Cinquenta e cinco anos após ter sua trajetória interrompida pela ditadura militar, Stuart Angel Jones receberá da Universidade Federal do Rio de Janeiro (UFRJ) o diploma póstumo de economista. A cerimônia será nesta terça-feira (7), às 16h30, no Salão Dourado da Universidade, no campus da Praia Vermelha.
Stuart Angel foi sequestrado, torturado e morto por agentes do regime militar em 1971, aos 25 anos. Ele cursava Economia, era militante do Movimento Revolucionário 8 de Outubro (MR-8) e desapareceu naquele ano. Seu desaparecimento foi amplamente denunciado por sua mãe, a estilista Zuzu Angel. Após cinco anos de buscas pelo corpo do filho, que nunca foi encontrado, ela também foi morta pela ditadura em um acidente de carro. Desde então, a preservação da memória da família e de sua luta contra o regime militar tem sido conduzida pela jornalista Hildegard Angel, irmã de Stuart.

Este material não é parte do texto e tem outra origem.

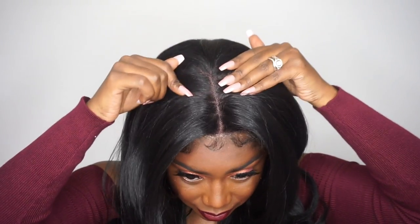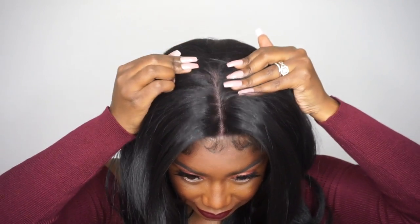As you guys can see, the part does go really far back, but I just decided to go with the standard middle part that it came with. However, since this is a 13 by 4, you can go in with a side part, a deep side part, a flip over — you can do whatever you want. I decided to go with the middle part and I really do like it.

A solicitação da diplomação póstuma de Stuart Angel foi feita conjuntamente por Hildegard Angel e por Lucas Duda, representante do Centro Acadêmico Stuart Angel (Casa), do Instituto de Economia (IE) da UFRJ. “Hoje temos a missão e a honra de transmitir para a minha geração, para os que estão entrando no IE, o legado desse jovem, que foi meu antecessor, estudou nas mesmas cadeiras e salas que eu, no Palácio Universitário”, disse Duda.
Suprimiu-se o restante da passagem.